09-09-2002   Column Metro
JA, IK HOOR TOCH BIJ DE LINKSE KERK!

Niet lang geleden werd in een sporthal bij mij in de buurt het Lost Boys-schaaktoernooi georganiseerd. Ik kan schaken, dat wil zeggen: ik weet hoe het spel gaat en heb het vroeger in huis, tuin en keuken regelmatig gespeeld. Mijn kennis van deze edele sport is niet theoretisch, hoewel ik schaakverslagen altijd nauwkeurig lees. Ik ben goed op de hoogte van de spelers, hun prestaties en kan zelfs antwoord geven op de heikele vraag hoeveel verschillende wereldkampioenen er momenteel actief zijn. (Binnenkort wordt er een ingewikkelde reeks matches gehouden om het aantal wereldkampioenen weer tot één terug te brengen.) Ik ben bekend met allerhande fascinerende technische termen waaraan de schaakartikelen in krant en tijdschrift zo rijk zijn. Siciliaans, Nimzo-Indisch, damegambiet, ze rollen zo mijn mond uit, maar wat ze betekenen, ik zou het niet weten. En dat wil graag zo houden. Een damegambiet, wat kan je je daar allemaal niet bij voorstellen?

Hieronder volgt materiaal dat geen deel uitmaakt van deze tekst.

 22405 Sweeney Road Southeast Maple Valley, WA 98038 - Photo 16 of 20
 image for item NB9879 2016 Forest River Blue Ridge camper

Ik ben weleens begonnen me in de theorie te verdiepen, maar besloot al snel toch in de wereld van de suggestie te blijven. De poëzie van de magische dus geheel naar eigen goeddunken in te vullen schaakraadselen is mij te lief. In de goed geklimatiseeerde sporthal heerste een devote, keiharde stilte. Ademen was toegestaan, voorzichtig bewegen ook. Honderden schakers hadden zich rondom hun altaren geschaard en verkenden in opperste concentratie de uithoeken van hun geest. Veel mannen zag ik, en veel mannen met een bril en veel mannen met een wijkende haargrens, maar ook andere mannen, en ook vrouwen, allen gevangen in een ontroerende fascinatie voor dit spel. Op een verhoging speelden de cracks, de stellingen van hun partijen waren van schermen af te lezen en dat werd gretig gedaan. Van geen enkele stelling kon ik zo op het eerste gezicht zeggen wie er gewonnen, verloren dan wel remise stond. De opvallend uitgedijde grootmeester Jan Timman stond als een peinzende Boeddha naast zijn bord, met recht, zo begreep ik later uit de uitslagen, want zijn jonge tegenstander was hem aan het vloeren. In de kantine met uitzicht op de arena was het verbod op geluid opgeheven. Er werd gediscussieerd, er vloeide overduidelijk alcoholische dranken (Timman is bijvoorbeeld een verklaard tegenstander van de in te voeren doping(!)controle), maar verder werd de ruimte gevuld met Šschakende schakers. Als voyerende leek werd ik ongemoeid gelaten, ze hadden het sowieso veel te druk met spelen, en ik genoot van de toewijding en gemeenschapszin, waarmee hier om de schaaktotem werd gedanst. Kom daar maar eens om in deze geïndividualiseerde tijden! Helaas was dit het laatste Lost Boys-tournooi, de sponsor komt uit de IT-wereld en zijn overmoedig gekozen naam dreigt te worden bewaarheid.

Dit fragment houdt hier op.